Seeing Clearer: A radar being developed by Telephonics is intended to give pilots a clearer picture of the environment during brownout conditions. (Telephonics)
FARMINGDALE, N.Y. — Landing helicopters in dusty environments or bad weather have long plagued the US military.
Brownout conditions make it impossible for pilots to see the ground and objects around them have caused dozens of troops’ deaths throughout Iraq and Afghanistan.
The Army wants to end those types of risky landings, plus give helicopter pilots the ability to see through bad weather and see hazardous objects, such as wires and towers.
Telephonics, an aerospace and defense firm that specializes in maritime surveillance radars, believes it has developed the solution. The company has self-funded a project called VisionEdge — a system that company officials say is best suited to address brownouts. Telephonics plans to unveil the system this week at the Army Aviation Association of America conference in Nashville, Tennessee.
Company engineers are building several prototype radars, which are at different levels of development.
“What differentiates us from others is our antenna and architecture approach,” said Tim Stow, senior director for airborne warning and control system and flight safety programs.
The radar antenna, which uses a tile architecture, is fairly small, just 25 inches long, 7 inches high and 7 inches deep. Unlike spinning radars, the VisionEdge system provides information in real-time, Stow said at the company’s Long Island, New York-based headquarters.

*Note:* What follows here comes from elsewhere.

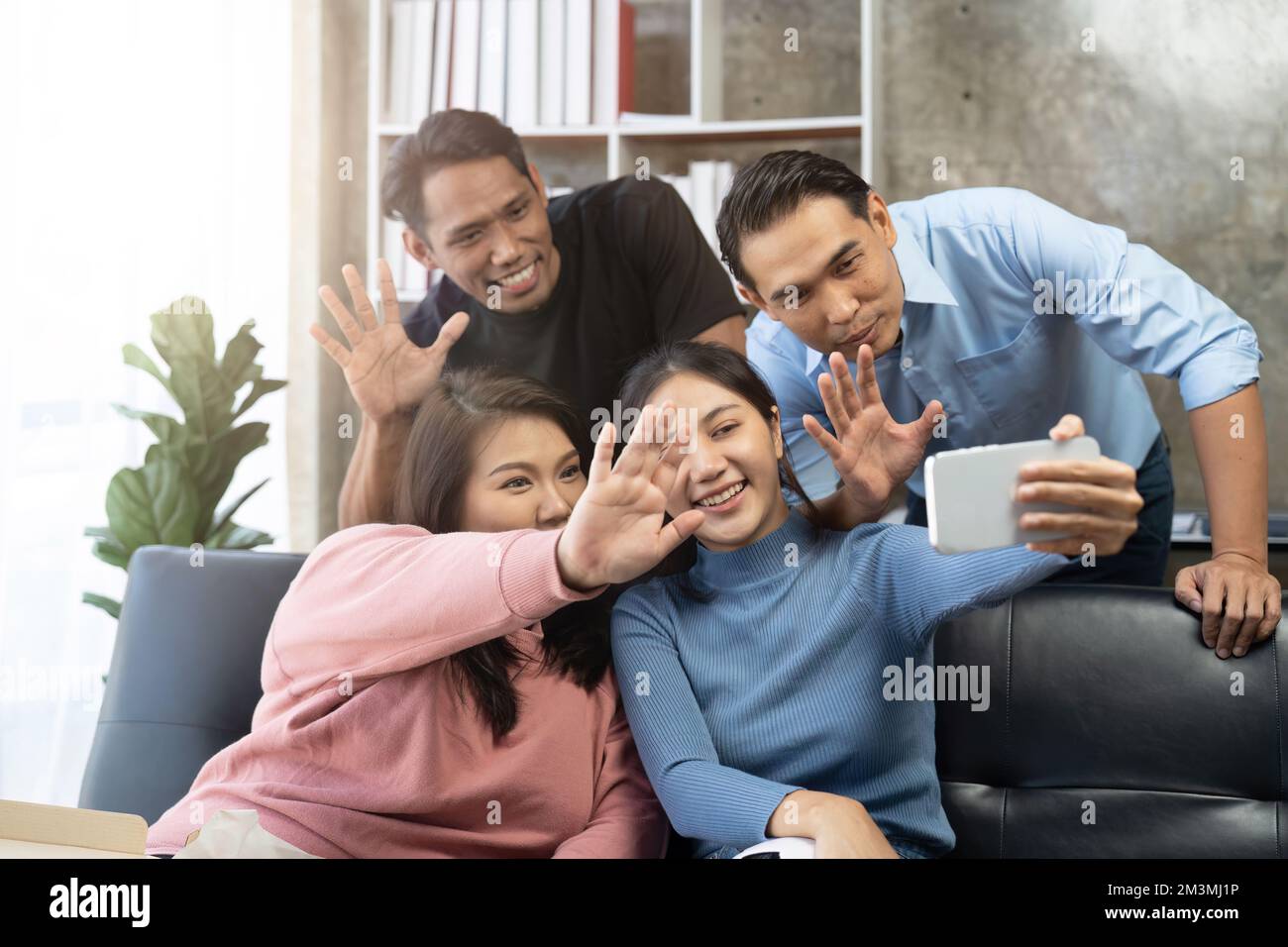 Gli amici guardano gli sport in TV, festeggiano e festeggiano. Felici tifosi diversi amici asiatici sedersi sul divano con popcorn e bevande Foto Stock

“Our solution is very compact,” he said. “No moving parts and it can be easily adapted to a variety of unique platforms.”
What also makes the Telephonics offering unique is that it uses a low-frequency radar.
Typically, a higher frequency radar delivers a higher quality image. But a lower frequency system allows the radar to see better through bad weather.
Company engineers needed to strike a balance and settled on a 35 gigahertz frequency radar, Stow said.
“We feel very good about the frequency that we’ve chosen [and] that gives us adequate image resolution,” he said. “To an operator, they have a good picture of what they’re seeing, but [are] able to penetrate through the weather [and] the aircraft-induced environments of dust and whiteout.”
While a higher frequency, 94 gigahertz radar of the same power can penetrate four millimeters of rain per hour out to about 1 kilometer, at 35 gigahertz, the radar could see though the same rate of rain to six kilometers, said Joseph Battaglia, Telephonics president and CEO.
The US Army has already purchased a number of Sierra Nevada-built helicopter autonomous landing systems. The 3D image-rendering radar uses a 94 gigahertz frequency, according to a company fact sheet.
The Telephonics VisionEdge system uses a digital beam forming radar, which doesn’t move, like the spinning radars on ships. A computer attached to the system processes the radar beams, which Stow likened to lining up strips of wallpaper.
“It sends out a lot of energy,” he said. “It receives back a bunch of energy on these fixed beams and then what you have to do though is ... interpolate, basically fill in the gaps between those beams and correlate them so it provides a clean image.”
The ultimate goal is to create a bubble around the helicopter that would allow pilots to see wires, cables, towers and other obstacles, Stow said.
With an added capability, the system can also offer surround sound-like audio cues, which alert the pilot to obstacles.
This means that if an obstacle is off to the right of the aircraft, the pilot will hear the alert from the right side.
Telephonics has partnered with a business aviation manufacturer for development and is looking to conduct flight testing with that company to validate the Vision-Edge concept and architecture, Stow said.
The system has both commercial and military applications. Commercially, the technology could help pilots land at airports in bad weather. The only difference is the military system would show elevation.
On a commercial aircraft, the low-frequency radar would allow a pilot to see the runway in bad weather from a much greater distance, Battaglia said.
When approaching a runway, a pilot must see visual cues on the ground. If the pilot cannot see these objects, such as runway lighting, at an altitude of 200 feet, he or she must abort the landing.
The Federal Aviation Administration wants to use radar to complement existing infrared systems, thus allowing an aircraft to descend below those 200-foot landing minimums, Stow said.
The radar information would be overlaid on a heads-up display.
“This is just another piece of information that reassures the pilot that he’s good to land when he can’t see out the window,” Stow said.
The Army system will perform at a 15-hertz refresh rate allowing the system to display a smooth video image, enabling the pilot to see moving targets, towers and cables.
“We’re leveraging our existing architecture that we initially targeted in the commercial space and we’re applying it to the Army space,” Stow said.
But exactly when the Army will launch a competition for this technology is not clear.
“The Brown Out Rotorcraft Enhancement System (BORES) is currently in the Analysis of Alternatives phase,” Randy Tisor, an Army spokesman, said in an email. “In the September 2014 timeframe, when the AoA is complete, the results of the AoA will be briefed to senior leadership to determine the way ahead for this Degraded Visual Environment capability.”
The fear is that Defense Department research-and-development budget cuts will delay this type of program even further, Battaglia said.
Other companies, such as Sierra Nevada, Rockwell Collins and Teledyne Brown, are all expected to compete for the Army program.